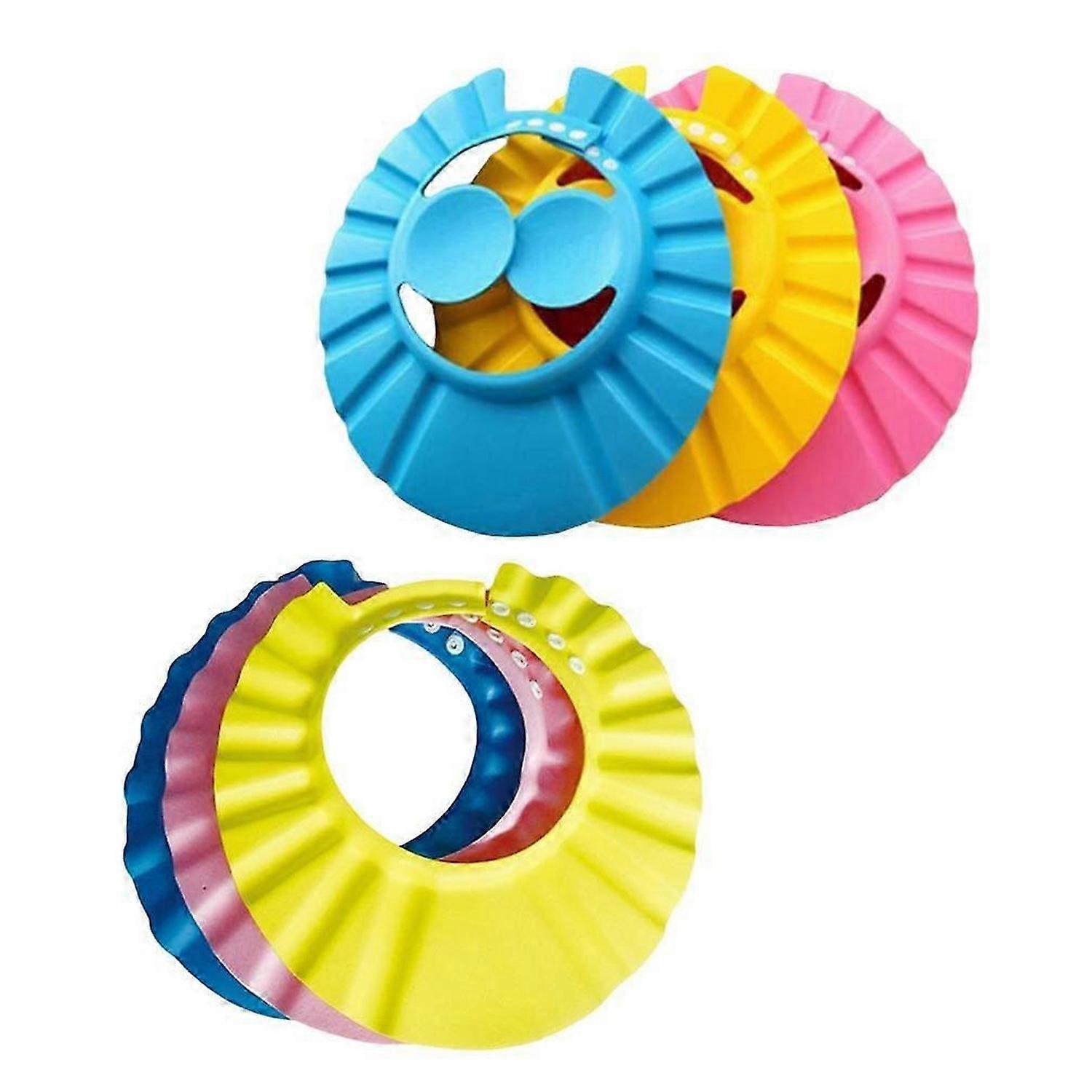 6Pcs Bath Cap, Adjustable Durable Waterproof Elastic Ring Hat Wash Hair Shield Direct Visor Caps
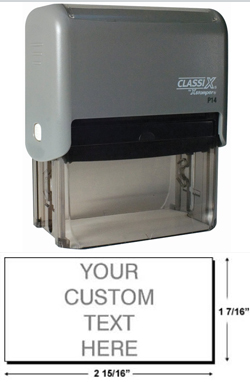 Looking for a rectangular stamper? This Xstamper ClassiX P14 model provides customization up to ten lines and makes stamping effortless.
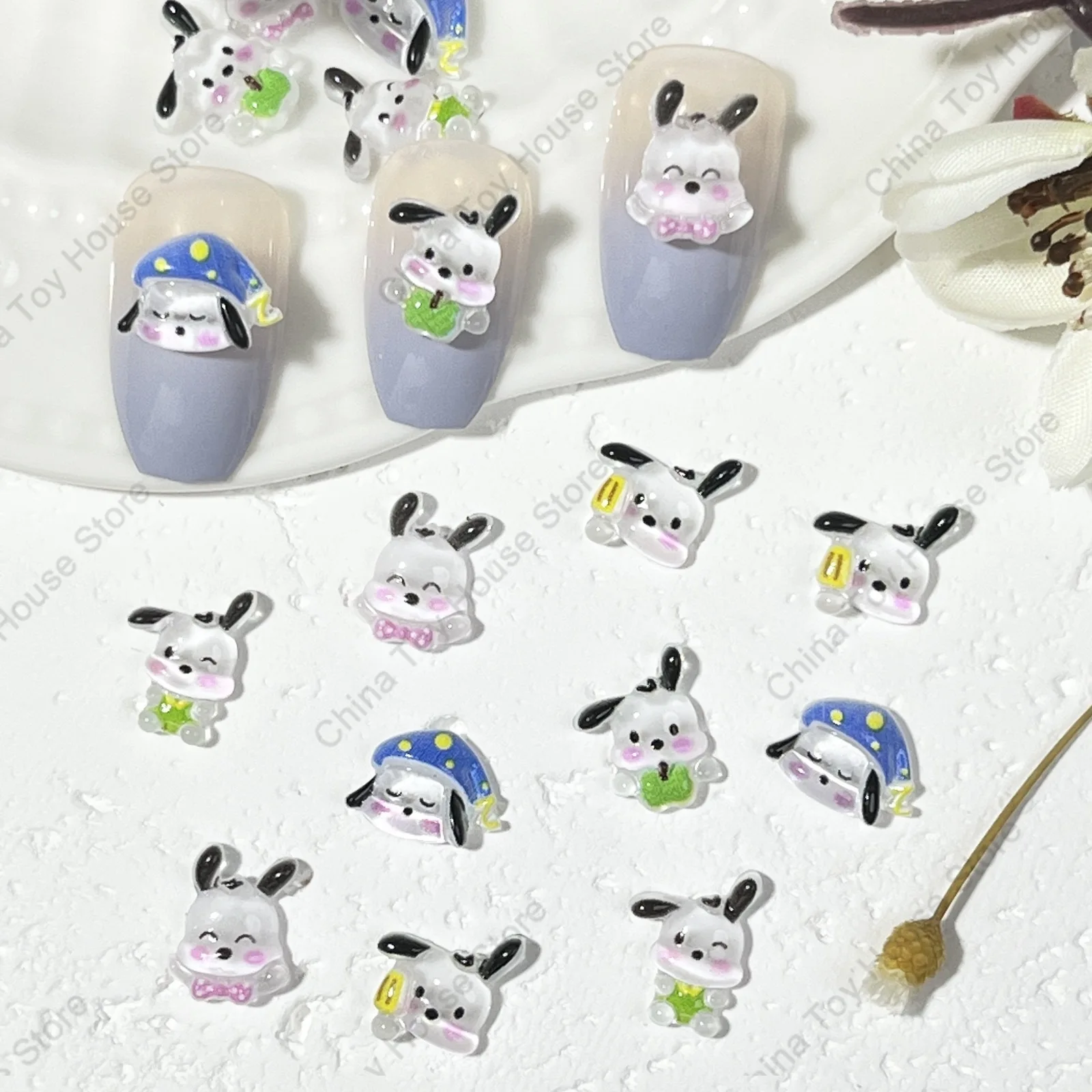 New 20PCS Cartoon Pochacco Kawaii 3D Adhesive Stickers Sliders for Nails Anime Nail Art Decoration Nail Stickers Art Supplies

==

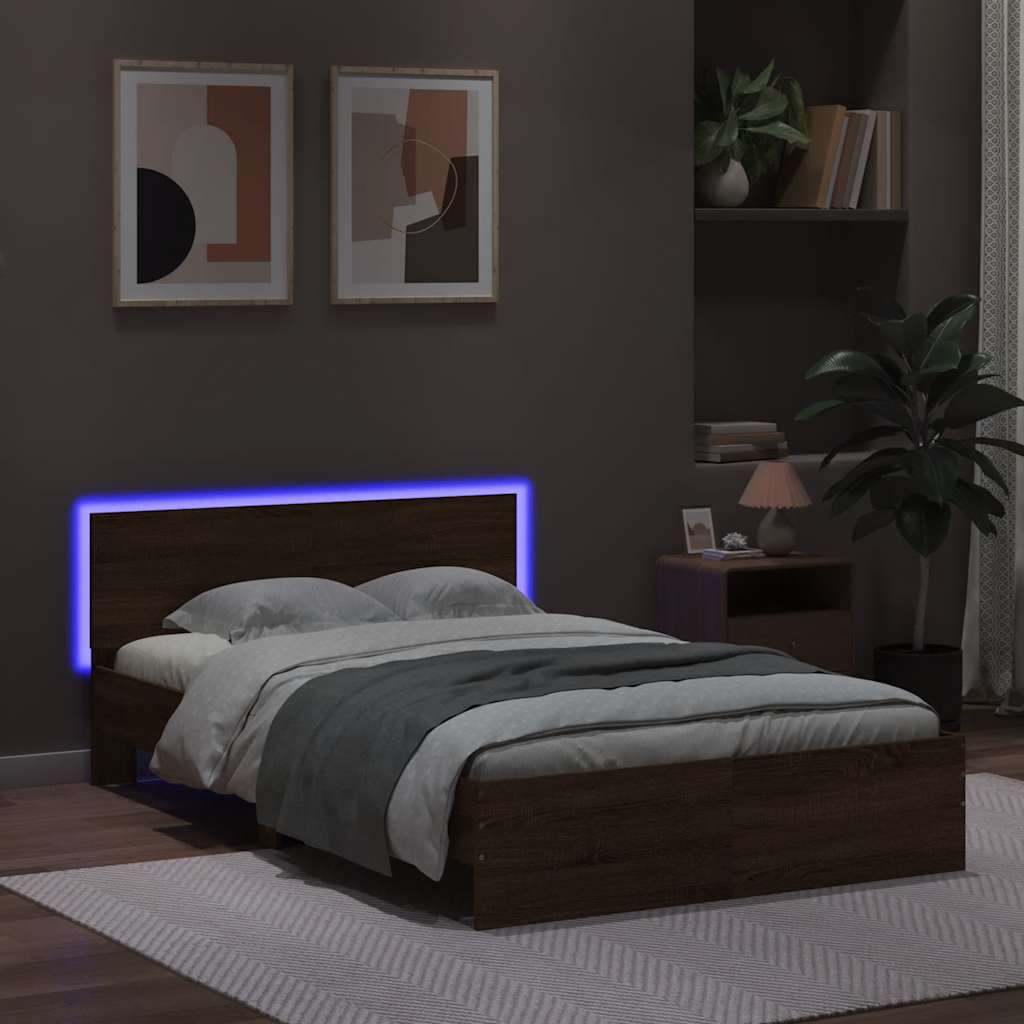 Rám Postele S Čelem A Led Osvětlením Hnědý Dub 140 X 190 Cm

# Your task:
The expected output is the lines above from the one containing "6Pcs Bath Cap, Adjustable" to the one containing "New 20PCS Cartoon", both ends included, reproduced exactly with every picture left out.

# Output below:
 6Pcs Bath Cap, Adjustable Durable Waterproof Elastic Ring Hat Wash Hair Shield Direct Visor Caps
 Looking for a rectangular stamper? This Xstamper ClassiX P14 model provides customization up to ten lines and makes stamping effortless.
 New 20PCS Cartoon Pochacco Kawaii 3D Adhesive Stickers Sliders for Nails Anime Nail Art Decoration Nail Stickers Art Supplies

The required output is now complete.